A follow-up CT scan after 2 weeks showed the hypo-enhancing ablation zone without enhancing residual tumour. (Figure 4l)

Learning points

• In cases of poor visibility at US, the use of contrast-enhanced ultrasound (CEUS) with the administration of dedicated contrast agent has been reported to be extremely helpful to enhance the conspicuity of a lesion in order to better depict it and to enhance the accuracy of image-guided targeting.

• PET/CT-guided ablations have been reported to be feasible and effective.

• In cases of lesions invisible at US and not completely depictable with CEUS, the use of virtual navigations systems and fusion imaging have been reported to be a safe, feasible, and effective strategy to perform percutaneous ablations

• Internal markers, such as vessels bifurcations, are the preferred markers to achieve registration and fusion of two imaging modalities.

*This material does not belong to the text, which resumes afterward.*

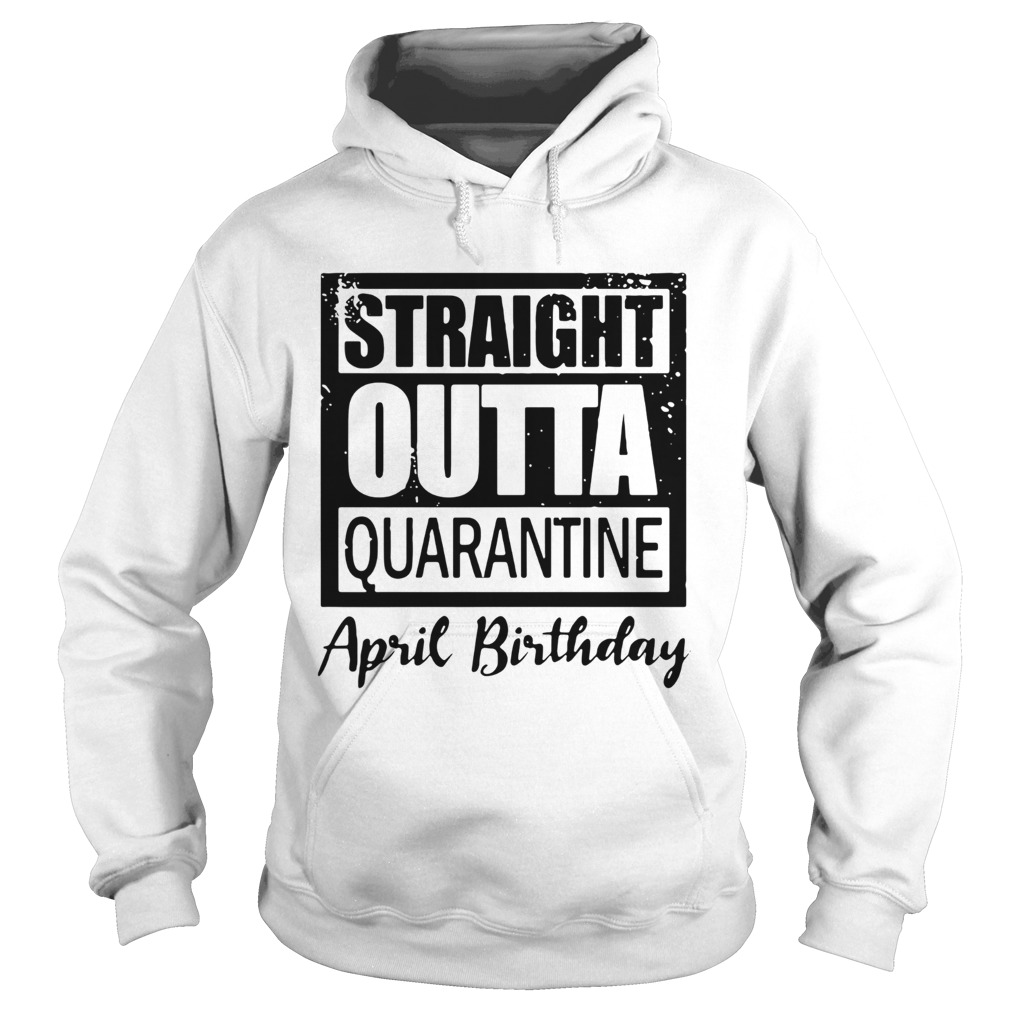 April Girls 2020 The One Where They Were Quarantined 2020 Quarantine Birthday Official Hoodie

• The use of CEUS immediately after the treatment during the same session allow for identify incomplete ablations, thus offering the chance of performing a subsequent ablation in the same session

• Percutaneous image-guided ablations have been reported to be feasible for the treatment of adrenal gland metastases

• Protective manoeuver, such as injection of fluid, gas or dedicated gel, has been successfully reported in order to displace surrounding structure from the target of an image-guided ablation

• Microwaves represent one of the most rapidly spreading technique for performing ablation, as it allow to deliver high energy in quite a short time, thus offering the possibility of achieving larger ablation volumes in shorter time in comparison with other techniques, such as radiofrequency.

• The diameter of LA needles is smaller than RFA electrodes and MWA antennas, making LTA safer and more suitable to ablate lesions with at-risk location and/or difficult to be reached

• LTA has also been proposed as the ablation technique of choice in patients with multiple and small tumours variable in size

• Immediate post-procedural CEUS is strongly recommended to assess the completeness of the ablation treatment and to guide the immediate re-treatment in case of residual viable tissue

• Percutaneous image-guided ablation can be proposed as a safe and effective treatment for limited peritoneal metastases.

• Cryoablation has been used for treating successfully a wide variety of tumours.

• PET/CT can be effectively used to guide percutaneous biopsies and ablation.

• A single breath hold period has been reported as sufficient for good visualisation of the target lesion.

• Iceballs formed during cryoablation can be very well detected with CT.

• Cryoablation freezes the tumour and creates an iceball involving the tumour and adjacent tissues; the FDG within tumour remains trapped even after ablation. This helps confirm that the cryoablation iceball, represented by the hypodense zone on CT extends beyond the FDG-avid tumour, thus ensuring adequate coverage of tumour plus a safety margin with cryoablation.


Conclusions

With the technical improvements of ablative devices, and the increasing evidence of clinical effectiveness of image-guided percutaneous ablations, an increasing number of cases will be referred to the interventional radiologist for a minimally invasive treatment. In this scenario, the number of more complex and unusual cases is also expected to grow. A good knowledge of all the technical options and of some tips and tricks is crucial for performing an effective and safe ablation. Availability of different ablative devices, with the possibility of choosing alterative solutions for image guidance and treatment monitoring, including virtual navigation, fusion imaging and CEUS, could help in the future to further increase the application of minimally invasive ablations to a larger series of patients. Good collaboration with referring physicians and oncologists, and larger dissemination of the knowledge of possible treatments provided by interventional radiologists are crucial for offering a dedicated multidisciplinary and multimodality treatment to oncological patients.